The current week is considered particularly critical for the financial markets. Three of the major central banks are set to announce their decision on interest rates, which is expected to affect their economies as well as the global economy for a long time. The start is made by the Fed on Wednesday where the probability of a 0.25% interest rate increase is now very high, but the markets will also pay great attention to the press conference that will follow in order to understand the possible next moves of the central bank.
The European Central Bank in turn announces interest rates on Thursday with analysts also calling for a 0.25% increase as the inflation problem in the Eurozone continues to be fierce. The interest rate cycle closes on Friday with a decision by the Bank of Japan. We need to remind you that the central bank of Japan has kept interest rates in negative territory, at -0.1% by implementing a very loose monetary policy but many analysts believe that this cannot last forever, and thus Friday’s decision is considered very important.
Going back to the week just past, markets were rather cautious about central bank decisions and the macroeconomic results announced were relatively unable to make a significant impact. Retail sales in the US saw a slight rebound in June, while inflation reported in the Eurozone at 5.5% merely confirmed that the problem remains.

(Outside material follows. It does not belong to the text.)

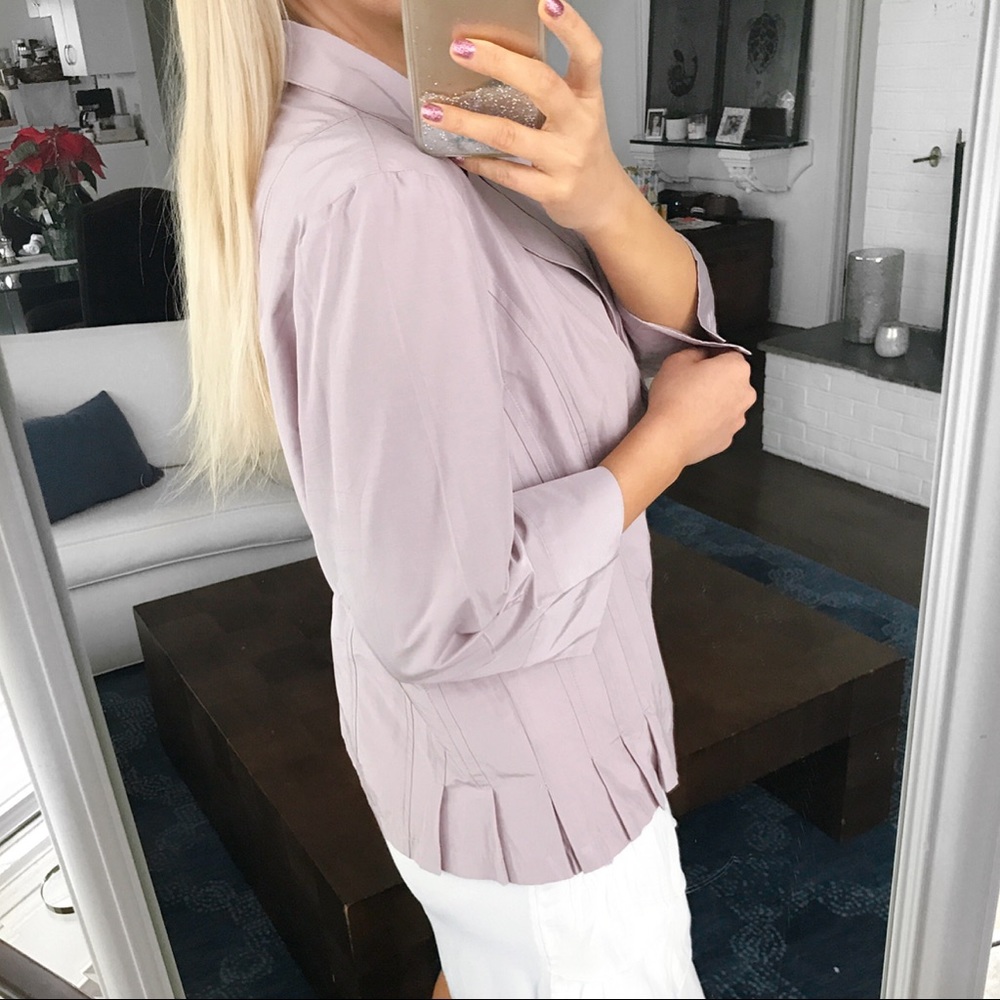 👚GRACIA LAVENDER BLAZER! - Picture 4 of 11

Most stock indices continued their upward trend, registering significant gains as we will see in detail below. The week was also bullish for most commodities such as gold and oil. The US dollar rallied while riskier currencies such as the euro and sterling declined slightly. There were no significant changes in the bond market with the US 10-year closing the week in the region of 3.84%, very close to the opening of the week. Finally, as far as the cryptocurrency market is concerned, they could not benefit from the bullish climate of the traditional markets and had corrective movements.
As we said above, the week we are going through is particularly important because of the decisions of the central banks on interest rates and monetary policy. In addition to these, however, the announcements of personal consumption expenditures in the United States, the PMI indicators in the world’s strongest economies, and the announcement of inflation in Australia are considered important. Markets’ volatility is expected to spike especially around the times of central bank decisions and press conferences.
With bullish trends, the US SP500 index closed last week, at 4,536 points and profits close to 0.70%. SP500 had lower volatility and it makes sense since markets are in a wait-and-see mode ahead of the FOMC on Wednesday. Most likely we will see a 0.25% interest rate hike by the Fed and more or less, markets have digested this fact and all the effort goes to the press conference that will follow the decision since we may learn more about Fed’s future actions. There’s a general perception that the cycle of interest rate hikes is about to end as inflation has dropped to 3%. Last week was also a week of quarterly results announcements for many companies of the SP500. The season was in general positive as 73% of the companies exceeded the markets’ expectations. Some companies created concerns with their results such as CSX and American Express but in any case, the 73% is close to the 3-year average of 80%. We may try long positions for one more week.
The German DAX40 index was bullish last week, closing at 16,177 points, with profits of 0.45%. The global investing sentiment was positive and the European stock indices took advantage of it. The focus of the markets is mainly on the ECB and the expected interest rate hike of 0.25%. Certainly, the press conference that will follow is of great importance as well as there’s a question mark if the ECB will carry on aggressively or if the fears of growth slowing may calm things down. Investors and traders will also have their eyes in the USA and the FOMC on Wednesday. Germany announced the producer price index last Friday which rose by 0.1% on a yearly basis vs the 0% that the markets expected. Germany will announce the consumer price index in the current week but the 5.5% that was announced for the Eurozone is still too high. DAX40 presents a weakness to escape very much from the 16,000-milestone price and if the ECB appears hawkish, we may see corrective trends so we’d prefer short positions this week.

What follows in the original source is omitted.